Weichen Dai,Yezeng Chen,Zijie Dai,Zhijie Huang,Yubo Liu,Yixuan Pan,Baiyang Song,Chengli Zhong,Xinhe Li,Zeyu Wang,Zhuoying Feng,Yi Zhou
Abstract:Artificial intelligence is gradually demonstrating its immense potential, and increasing attention is being given to how AI can be harnessed to advance scientific research. In this vision paper, we present our perspectives on how AI can better assist scientific inquiry and explore corresponding technical approach. We have proposed and open-sourced a large model of our KALE-LM model series, Llama3-KALE-LM-Chem-8B, which has achieved outstanding performance in tasks related to the field of chemistry. We hope that our work serves as a strong starting point, helping to realize more intelligent AI and promoting the advancement of human science and technology, as well as societal development.
Artificial Intelligence,Computational Engineering, Finance, and Science,Computation and Language
What problem does this paper attempt to address?
### The Problem the Paper Attempts to Solve
This paper aims to explore how to better utilize Artificial Intelligence (AI) to assist scientific research and propose corresponding technical methods. Specifically, the paper introduces a large-scale model series named KALE-LM, particularly highlighting a chemistry-specific model, Llama3-KALE-LM-Chem-8B, to demonstrate its outstanding performance in chemistry tasks.
### Background
In recent years, the rapid development of AI technology has achieved significant accomplishments in various high-intelligence tasks, even surpassing human performance in some cases. These tasks include speech recognition, facial recognition, image recognition, games (such as Go, StarCraft, Dota2), text generation, image generation, video generation, machine translation, knowledge Q&A, debating, and solving advanced mathematical problems. Science is one of the most important fields for applying AI because it is the crown of human civilization and the cornerstone of various industries, playing a core driving role in human progress.
### Current AI Applications in Science
Currently, there are three main AI technologies for building scientific brains:
1. **Specialized models for specific problems**: By constructing specialized deep neural network models to reduce the search space, such as Google DeepMind's AlphaFold series for protein structure prediction.
2. **Deep neural networks with reasoning engines**: Combining deep neural networks with reasoning engines to provide new perspectives to enhance thinking and decision-making abilities, such as AlphaGeometry and FunSearch.

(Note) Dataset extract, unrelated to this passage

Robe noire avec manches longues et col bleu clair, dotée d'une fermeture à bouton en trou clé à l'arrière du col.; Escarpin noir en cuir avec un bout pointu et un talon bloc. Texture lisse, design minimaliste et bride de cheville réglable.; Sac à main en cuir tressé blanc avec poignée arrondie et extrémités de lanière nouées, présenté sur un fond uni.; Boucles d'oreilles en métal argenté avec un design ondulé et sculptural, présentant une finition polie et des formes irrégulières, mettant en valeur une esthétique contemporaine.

3. **Large-scale model-based approaches**: Utilizing large-scale models for different forms of interaction, such as ChemCrow and Med-PaLM2 in the fields of chemistry and medicine.
### Existing Problems
Despite some progress, these technologies still cannot effectively integrate scientific knowledge and logic into AI models. Therefore, current AI cannot learn, understand, or apply the scientific principles and logical reasoning accumulated by the greatest scientists in history. Embedding knowledge and logic is one of the key challenges in developing a scientific brain.
### Vision of the Scientific Brain
Large-scale models are significant advancements in the AI field, capable of exhibiting human-like "emergent" general intelligence, learning knowledge across multiple domains, and handling various tasks. However, to achieve AI in the scientific field, the key is to clarify the needs of scientists and then train large-scale models accordingly to develop corresponding functions. The paper summarizes several key capabilities, including information extraction, semantic parsing, knowledge Q&A, and reasoning and planning.
### Practice in the Field of Chemistry
The paper introduces Llama3-KALE-LM-Chem-8B, the first chemistry-specific KALE-LM model based on Llama3. The model training is divided into two stages: continuous pre-training and supervised fine-tuning. Evaluation results show that KALE-LM significantly outperforms other models of similar scale in chemistry tasks, especially in basic chemistry capabilities, scientific Q&A, and chemical meta-information extraction.
### Conclusion
This paper proposes four core tasks that the scientific brain needs to focus on and explores how to achieve these tasks by enhancing the knowledge and logic of large-scale models. Based on these foundations, the research team has conducted multiple explorations and attempts, achieving significant progress and results. The paper hopes that its work can promote AI research and development in the scientific field.